创建索引的语法
PUT /my_index
{
"settings": { ... any settings ... },
"mappings": {
"type_one": { ... any mappings ... },
"type_two": { ... any mappings ... },
...
}
}
示例:
PUT /my_index
{
"settings": {
"number_of_shards": 1,
"number_of_replicas": 0
},
"mappings": {
"my_type":{
"properties": {
"my_field":{
"type": "text"
}
}
}
}
}
添加索引(索引一旦建立,不能修改)
PUT /my_index/_settings
{
"number_of_replicas": 1
}
PUT /my_index/_mapping/my_type
{
"properties": {
"my_field":{
"type": "string"
}
}
}
删除索引
DELETE /my_index
DELETE /index_one,index_two
DELETE /index_*
DELETE /_all //要想这样删除,需要修改config/elasticsearch.yml 中action.destructive_requires_name: false
分词器的修改与定制
- 修改分词器设置
默认分词器是standard
- standard tokenizer:已单词边界进行切分
- standard token filter:什么都不做
- lowercase token filter:将所有字符转换为小写
- stop token filter(默认禁用):移除停用词
PUT /my_index
{
"settings": {
"analysis": {
"analyzer": {
"my_analyzer_std":{
"type":"standard",
"stopwords":"_english_"
}
}
}
}
}
//测试
GET /my_index/_analyze
{
"analyzer": "my_analyzer_std",
"text": "hello,you are the good boy" // are the会被去掉
}
- 定制自己的分词器
PUT /my_index
{
"settings": {
"analysis": {
"char_filter":{
"&_to_and":{
"type":"mapping",
"mappings":["&=> and"]
}
},
"filter": {
"my_stopwords":{
"type":"stop",
"stopwords":["the","are"]
}
},
"analyzer": {
"my_analyzer":{
"type":"custom",
"char_filter":["html_strip","&_to_and"],
"tokenizer":"standard",
"filter":["lowercase","my_stopwords"]
}
}
}
}
}
//测试
GET /my_index/_analyze
{
"analyzer": "my_analyzer",
"text":"tom & jery,they are the good friend,<a>CLICK ME</a>"
}
type底层的数据结构
type,是一个index中用来区分类似的数据的,类似的数据
,但是可能有不同的fields,而且有不同的属性来控制索引建立、分词器
field的value,在底层的lucene中建立索引的时候,全部是opaque bytes(二进制)类型,不区分类型的。

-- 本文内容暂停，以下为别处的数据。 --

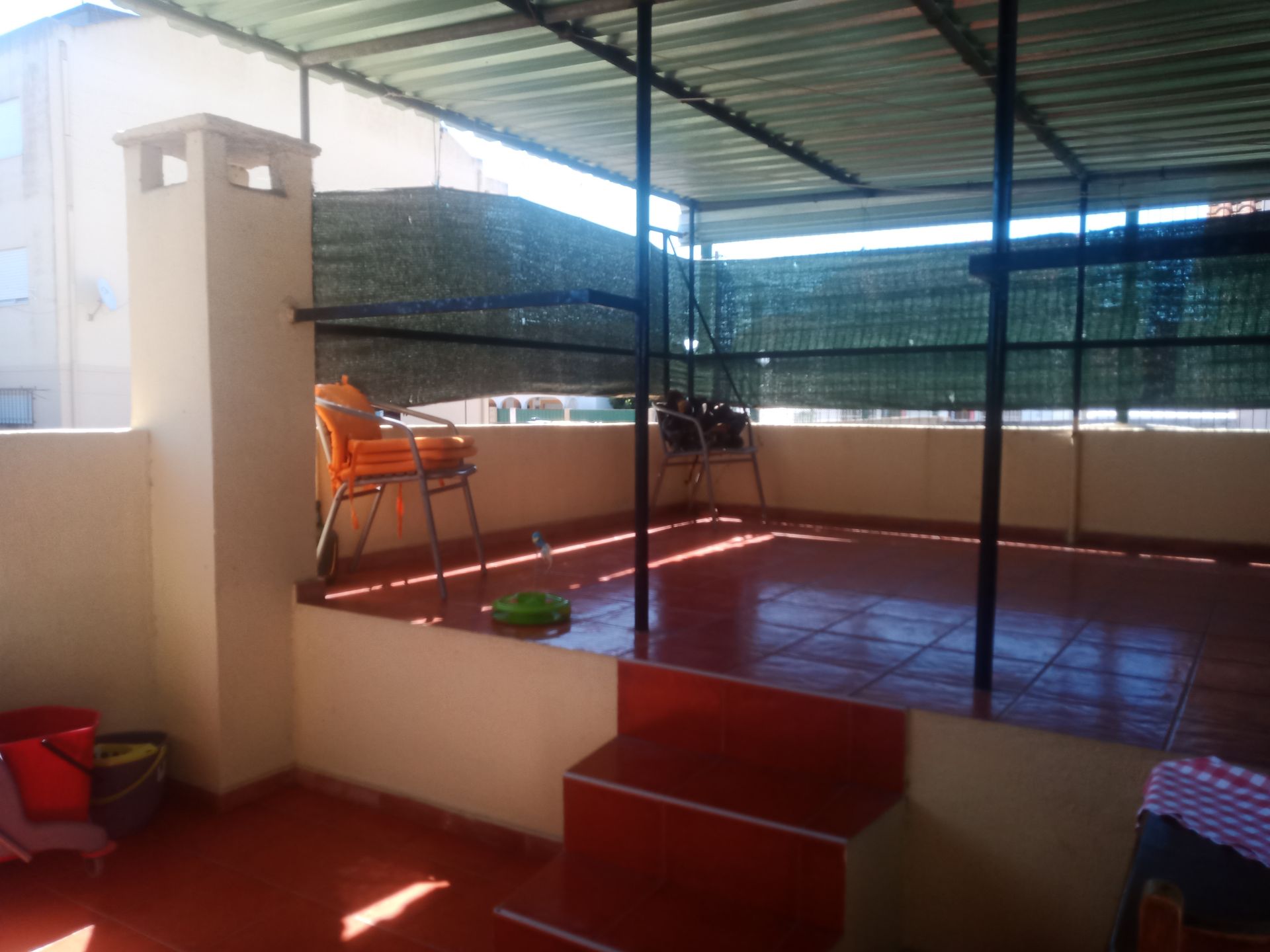 Terraço na cobertura com piso de azulejo, sombreado por um telhado de zinco. Duas cadeiras laranjas. Degrau e chaminé vermelhos.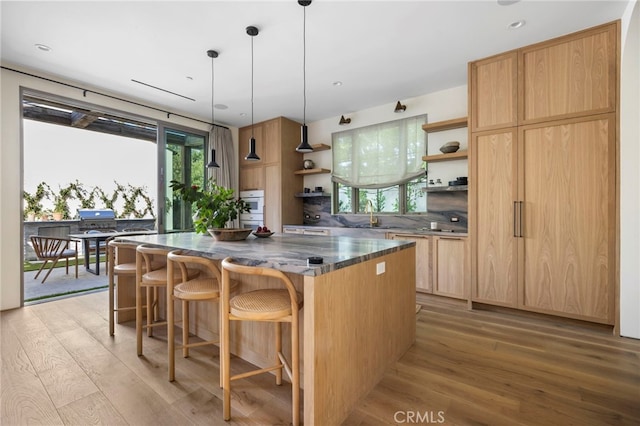 4209 Vantage Ave, Studio City, CA 91604 - kitchen featuring open shelves, light wood-style flooring, a kitchen island, a kitchen breakfast bar, and light brown cabinets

lucene是没有type的概念的,在document中,实际上将type作为一个document的field来存储,即_type,es通过_type来进行type的过滤和筛选
一个index中的多个type,实际上是放在一起存储的,因此一个index下,不能有多个type重名,而类型或者其他设置不同的,因为那样是无法处理的
//设置_mapping
PUT /ecommerce
{
"mappings": {
"elactronic_goods":{
"properties": {
"name":{
"type": "string"
},
"price":{
"type":"double"
},
"service_period":{
"type":"string"
}
}
},
"fresh_goods":{
"properties": {
"name":{
"type": "string"
},
"price":{
"type": "double"
},
"eat_period":{
"type":"string"
}
}
}
}
}
//查询_mapping
GET /ecommerce/_mapping
//存入document
PUT /ecommerce/elactronic_goods/1
{
"name":"geli kongtiao",
"price":3999,
"service_period":"one year"
}
PUT /ecommerce/fresh_goods/1
{
"name":"da xia",
"price":99,
"eat_period":"one week"
}
底层数据结构是这样的
{
"ecommerce": {
"mappings": {
"_type": {
"type": "string",
"index": "not_analyzed"
},
"name": {
"type": "string"
}
"price": {
"type": "double"
}
"service_period": {
"type": "string"
}
"eat_period": {
"type": "string"
}
}
}
}
//放入的document是这样的
{
"_type": "elactronic_goods",
"name": "geli kongtiao",
"price": 1999.0,
"service_period": "one year",
"eat_period": ""
}
{
"_type": "fresh_goods",
"name": "aozhou dalongxia",
"price": 199.0,
"service_period": "",
"eat_period": "one week"
}
所以应该把类似结构的type放在一个index下,这些type应该有多个field是相同的,如果一个index的多个type的field完全不同,那个每条数据会有一大部分的field在底层lucene中是空值,会有严重的性能问题
_mapping root object深入剖析
- root object
就是某个type对应的mapping json,包括了properties,metadata(_id,_source,_type),setting(analyzer),其他setting(比如include_in_all)
PUT /my_index
{
"mappings": {
"my_type":{
"properties": {}
}
}
}
- properties
包含有type,index,analyzer
PUT /my_index/_mapping/my_type
{
"properties": {
"title":{
"type": "text"
}
}
}
- _source
- 查询的时候,直接可以拿到完整的document,不需要先拿document id,再发送一次请求拿document
- partial update基于_source实现
- reindex时,直接基于_source实现,不需要从数据库(或者其他外部存储)查询数据再修改
- 可以基于_source定制返回field
- debug query更容易,因为可以直接看到_source
如果不需要上述好处,可以禁用_source
PUT /my_index/_mapping/my_type2
{
"_source": {"enabled": false}
}
- _all
将所有field打包在一起,作为一个_all field,建立索引。没指定任何field进行搜索时,就是使用_all field在搜索。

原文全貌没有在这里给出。